EXERCISE REQUIREMENTS>
Please repeat nothing except the lines from the one containing "Смеситель для раковины" through the end of the records, exactly and without pictures.

(Data records)
::::

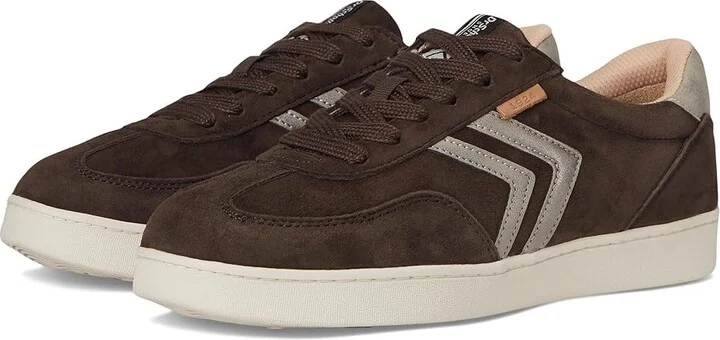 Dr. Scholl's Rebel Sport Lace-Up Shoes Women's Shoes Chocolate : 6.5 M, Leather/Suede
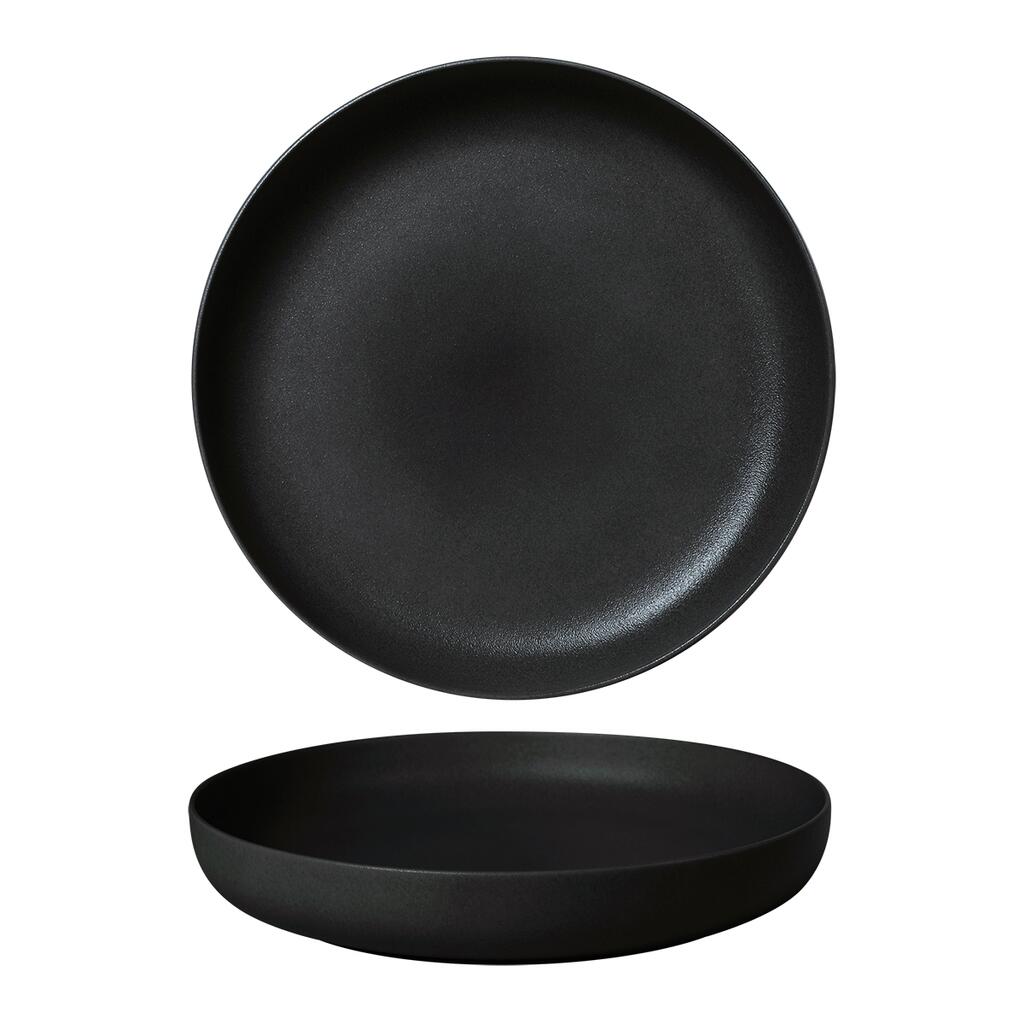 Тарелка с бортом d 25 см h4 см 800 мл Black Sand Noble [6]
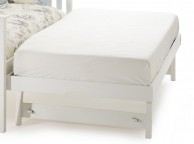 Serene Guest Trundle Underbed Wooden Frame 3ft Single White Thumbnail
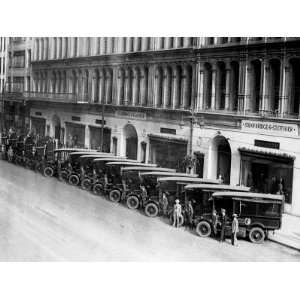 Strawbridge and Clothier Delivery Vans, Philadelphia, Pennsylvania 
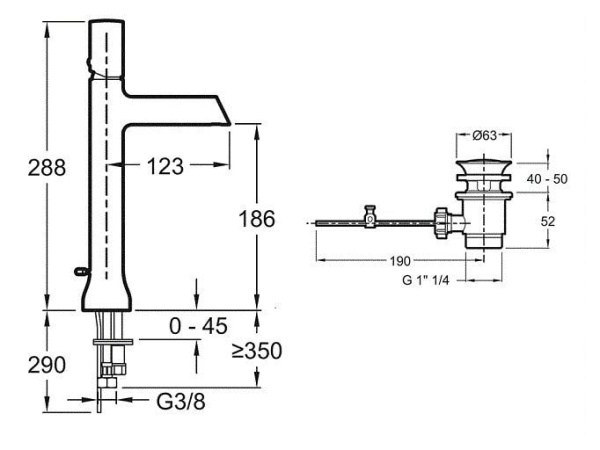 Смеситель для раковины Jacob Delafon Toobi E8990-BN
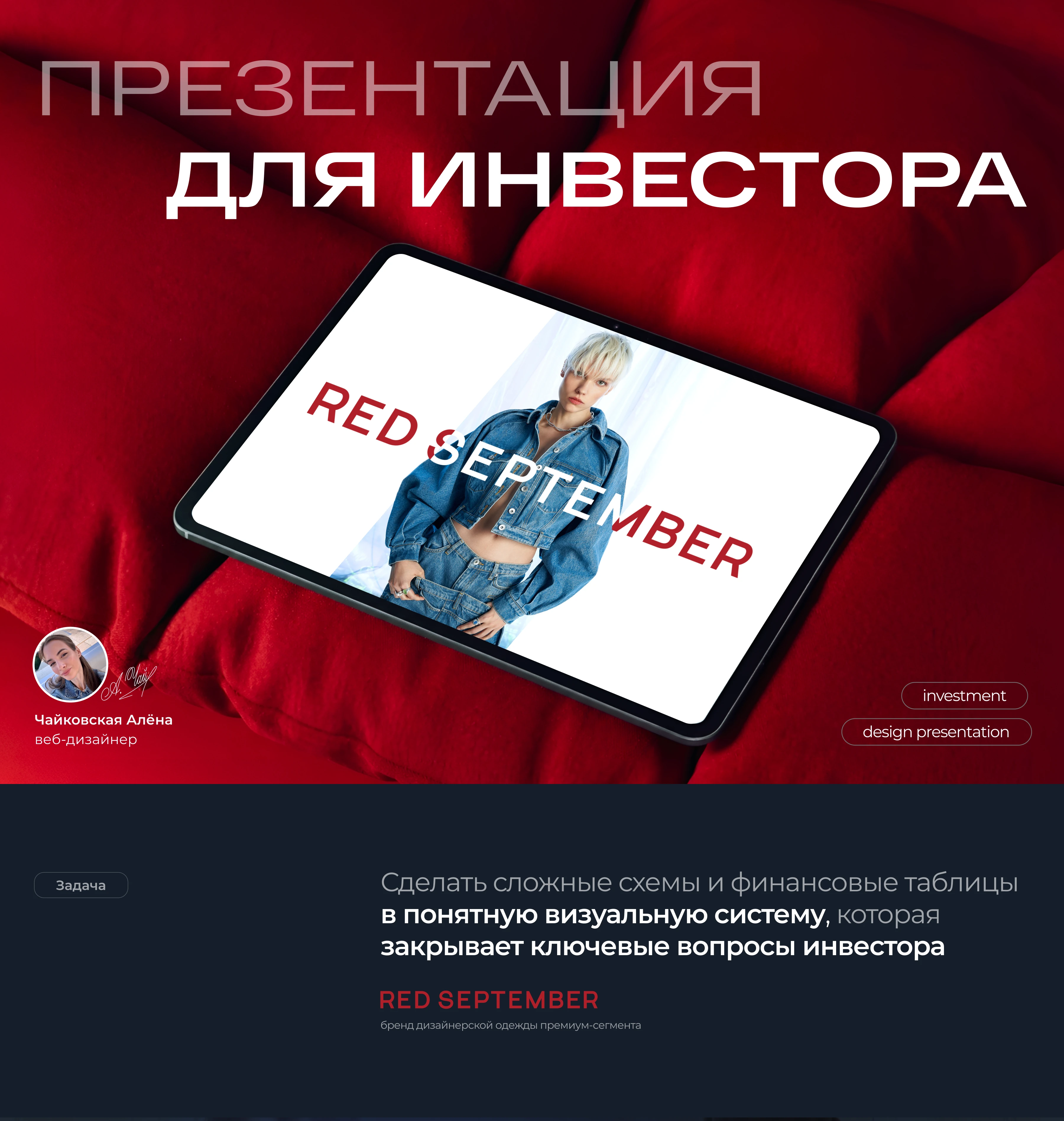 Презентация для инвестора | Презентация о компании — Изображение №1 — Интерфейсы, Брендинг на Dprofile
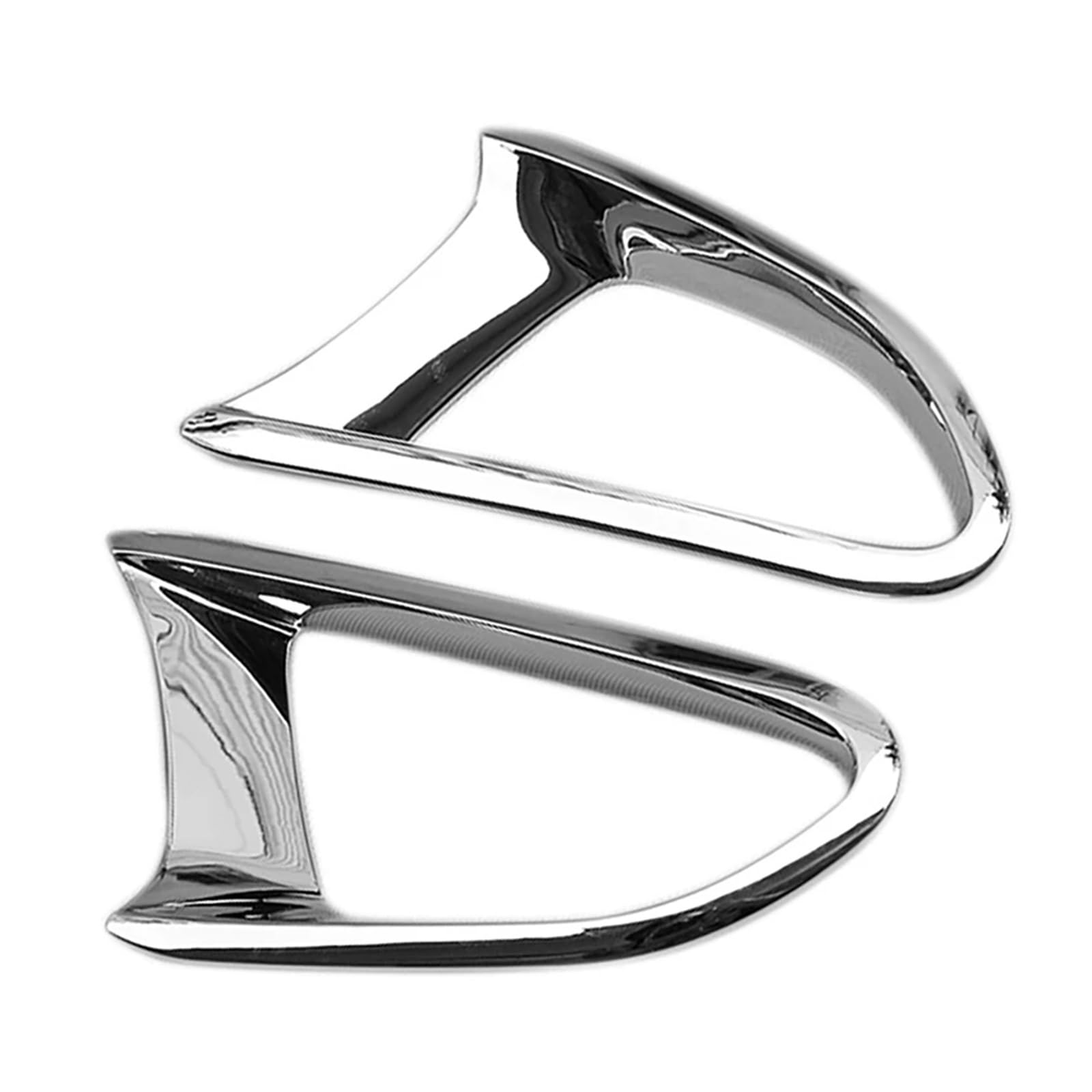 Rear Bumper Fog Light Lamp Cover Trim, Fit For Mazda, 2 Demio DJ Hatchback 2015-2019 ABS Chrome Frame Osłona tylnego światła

::::

ANSWER TO THE PROBLEM>
 Смеситель для раковины Jacob Delafon Toobi E8990-BN
 Презентация для инвестора | Презентация о компании — Изображение №1 — Интерфейсы, Брендинг на Dprofile
 Rear Bumper Fog Light Lamp Cover Trim, Fit For Mazda, 2 Demio DJ Hatchback 2015-2019 ABS Chrome Frame Osłona tylnego światła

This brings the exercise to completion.